[Captioned web images]
__________________________________________________

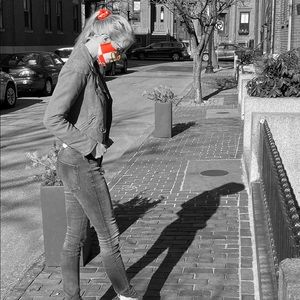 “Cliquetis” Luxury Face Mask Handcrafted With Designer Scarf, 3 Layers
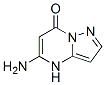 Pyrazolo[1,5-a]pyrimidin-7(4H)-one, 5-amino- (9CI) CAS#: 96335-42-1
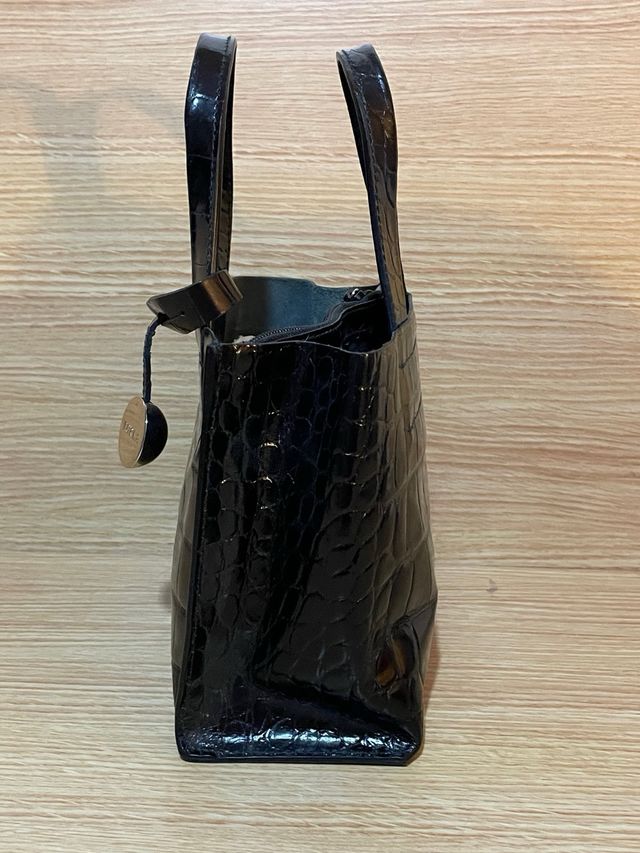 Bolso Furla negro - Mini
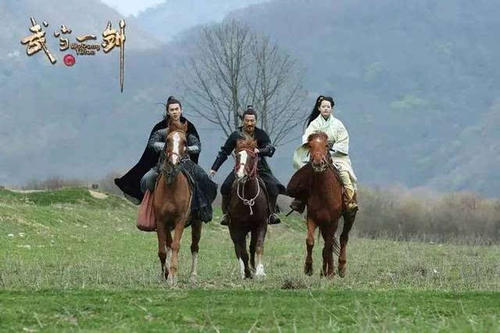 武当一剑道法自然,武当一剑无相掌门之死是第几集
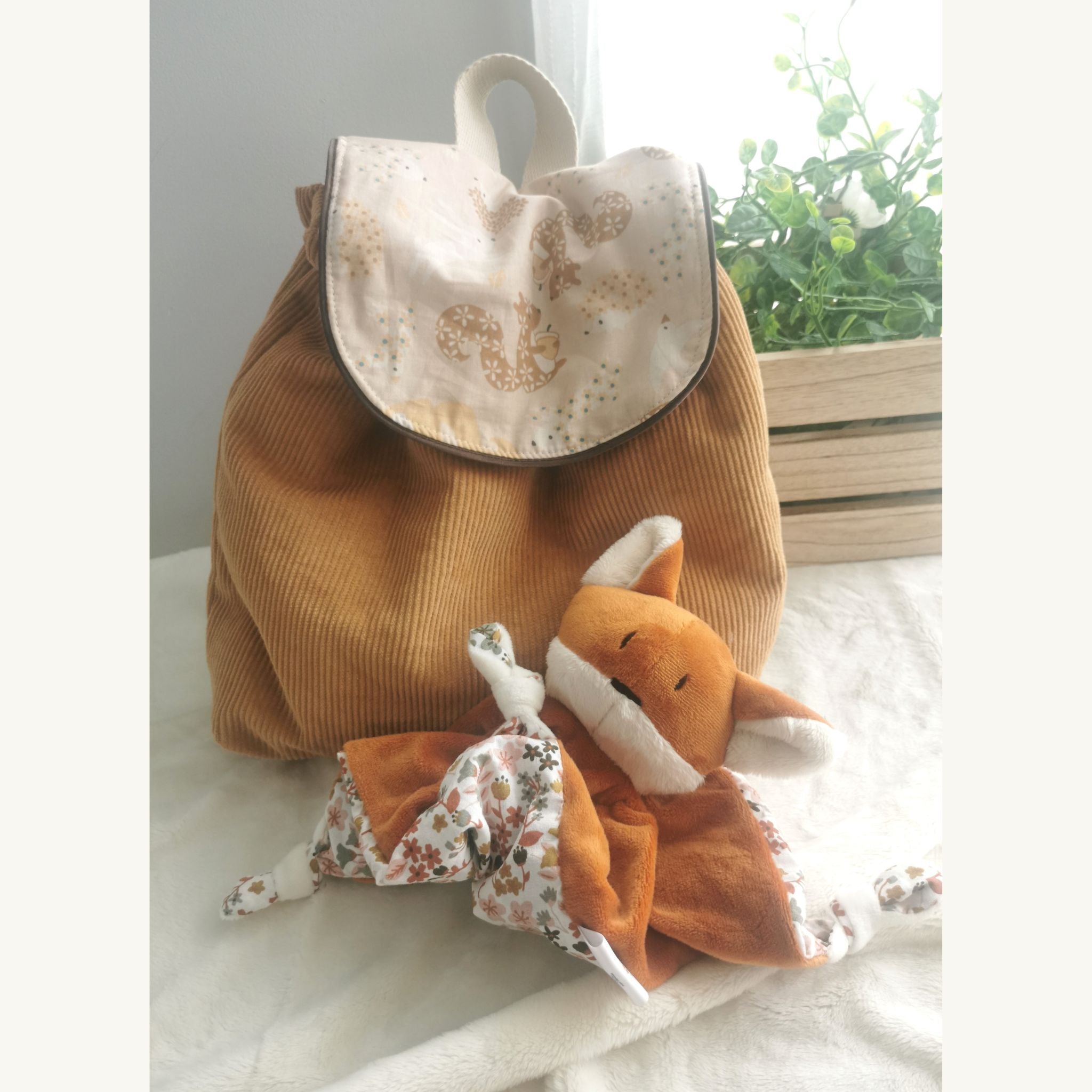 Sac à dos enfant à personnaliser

__________________________________________________

Your instructions
Skipping all images, print the data above a second time exactly.

Written answer
 “Cliquetis” Luxury Face Mask Handcrafted With Designer Scarf, 3 Layers
 Pyrazolo[1,5-a]pyrimidin-7(4H)-one, 5-amino- (9CI) CAS#: 96335-42-1
 Bolso Furla negro - Mini
 武当一剑道法自然,武当一剑无相掌门之死是第几集
 Sac à dos enfant à personnaliser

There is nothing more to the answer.